Neil Bennett

Personal information
- Full name: Neil Robert Bennett
- Date of birth: 29 October 1980 (age 45)
- Place of birth: Dewsbury, England
- Height: 6 ft 2 in (1.88 m)
- Position: Goalkeeper

Team information
- Current team: Huddersfield Town A.F.C

Youth career
- 000?–1998: Sheffield Wednesday

Senior career*
- Years: Team / Apps / (Gls)
- 1998–2000: Sheffield Wednesday / 0 / (0)
- 2000–2001: Ossett Town
- 2001–2002: Airdrieonians / 10 / (0)
- 2002: Barrow
- 2002–2003: Drogheda United
- 2003: Bradford City / 0 / (0)
- 2003: Rochdale / 1 / (0)
- 2003: Derry City
- 2003–2004: Albion Rovers / 27 / (0)
- 2004–2005: Partick Thistle / 1 / (0)
- 2004: → Forfar Athletic (loan) / 0 / (0)
- 2005–2006: Ossett Town
- 2006–2010: Ossett Albion
- 2010–2012: Guiseley
- 2012–2014: Wakefield
- 2014–2025: Ossett Albion

= Neil Bennett (footballer, born 1980) =

English footballer (born 1980)

Neil Robert Bennett (born 29 October 1980) is an English footballer who plays in the goalkeeping position. He is the current goalkeeper Coach for Huddersfield Town A.F.C.

Bennett began his career as a trainee with Sheffield Wednesday but made no League appearances before being released. He joined Ossett Town in the Northern Premier League First Division and made a number of appearances for them during the 2000–01 season. He then moved north of the border and joined Airdrieonians in the Scottish First Division and made 11 appearances for their first team in the 2001–02 season. He signed for Barrow in August 2002 and made his debut on the opening day of the 2002–03 season at home to Hucknall Town.
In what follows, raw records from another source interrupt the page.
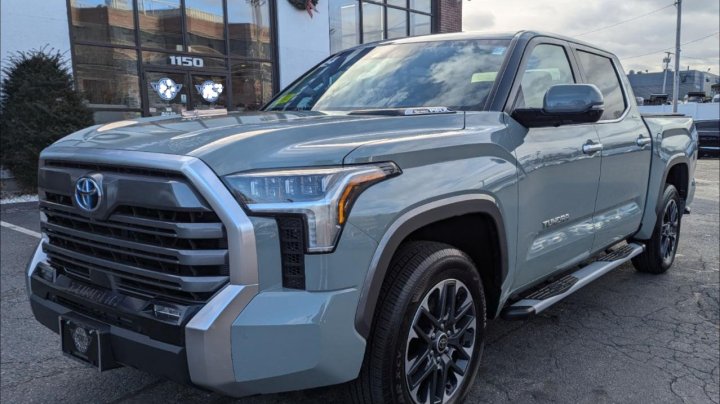 Toyota TUNDRA CREWMAX LIMITED 2024
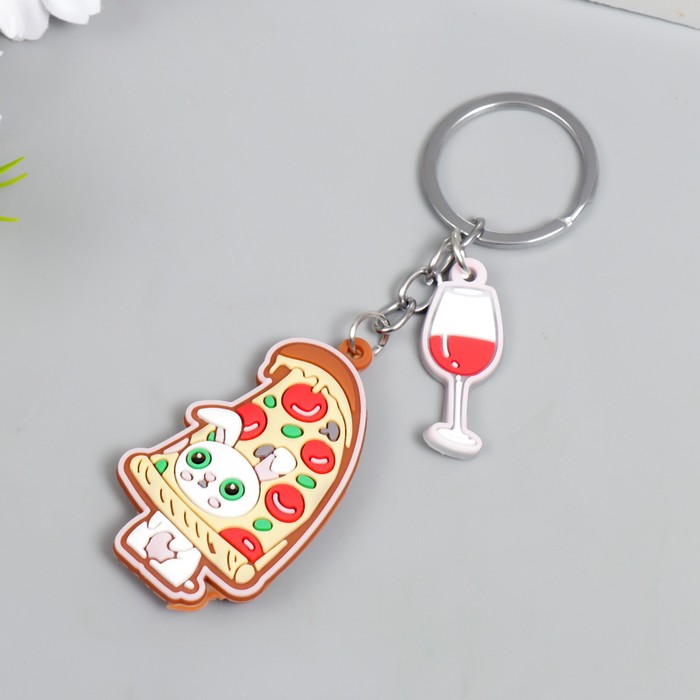 Брелок резина "Зайка пицца" 6х3,5 см бокал 3,5х1,6 см - фото 2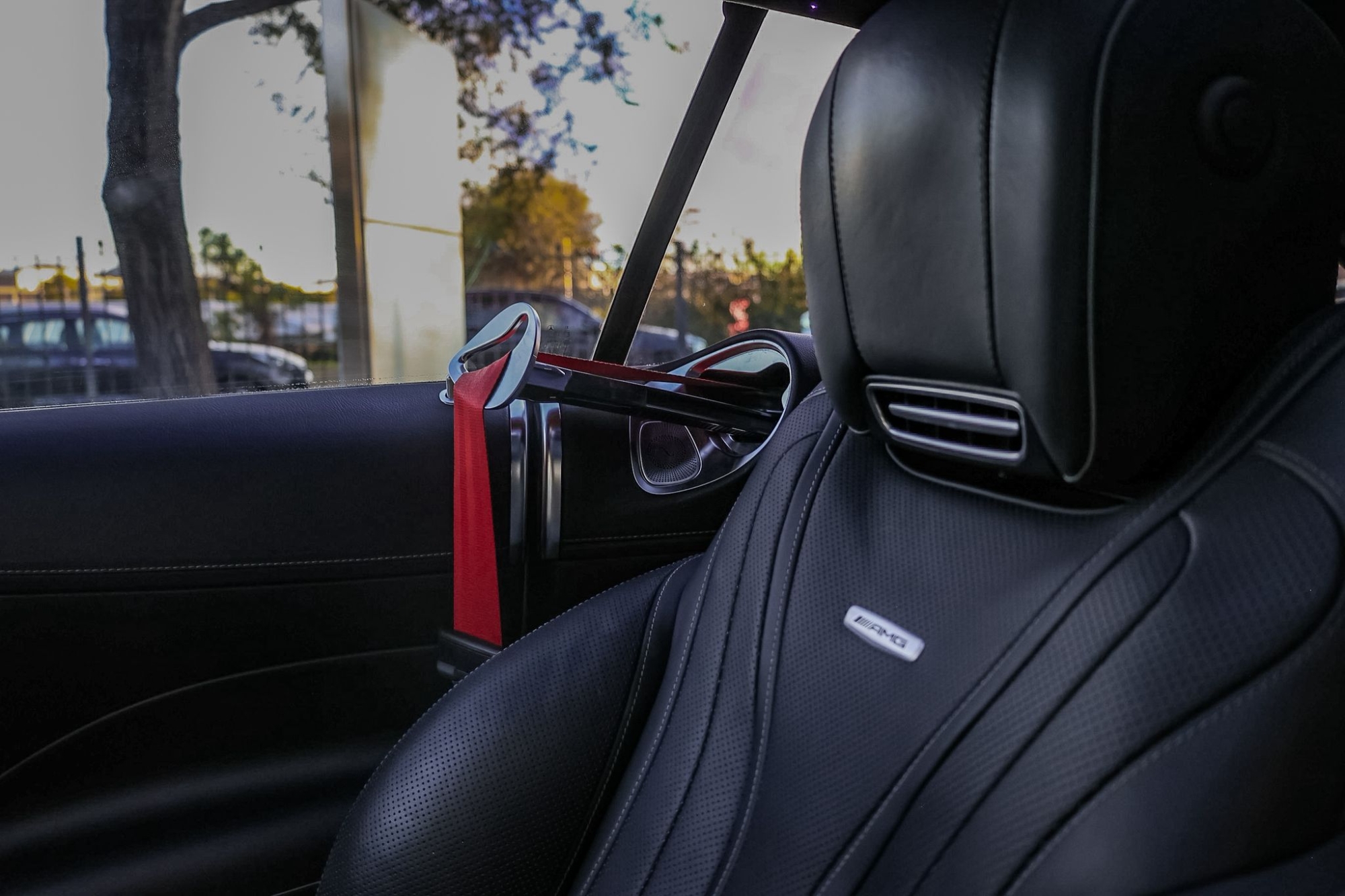 MERCEDES-BENZ AMG S63 4MATIC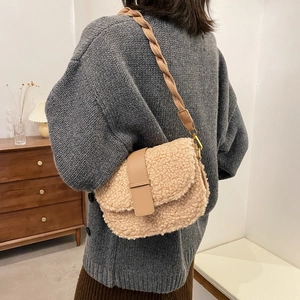 Schicke beige Plüsch-Umhängetasche mit geflochtenem Riemen am Modell in gemütlicher Szene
He was replaced by the fit again Simon Bishop after a 3–0 home defeat by Ashton United in mid September and was released in early October. He then moved to Ireland, signing with Drogheda United in November 2002, and playing for them in a number of League of Ireland matches. Early in 2003, he signed a short-term contract with Bradford City He spent the last two months of the season at Rochdale in March 2003. He trialled with Coventry City in the summer of 2003, but did not join the club. He subsequently moved to play in the League of Ireland with Derry City where he made his debut for the club as a trialist in a high-profile friendly match against Barcelona before signing for the club and playing in the UEFA Cup.

In late August 2003 he joined Skelmersdale United.

In September 2003, he moved north of the border again joining Albion Rovers for a season before moving to Partick Thistle in the summer of 2004. During this period he went on loan to Forfar Athletic, but was recalled after one game on the substitute's bench due to an injury for one of Partick's goalkeepers. He was released by Thistle in August 2005.

He later made a return to Ossett Town in September 2005 before moving to Ossett Albion in 2006.

In March 2010 he joined Guiseley. He joined Wakefield in September 2012.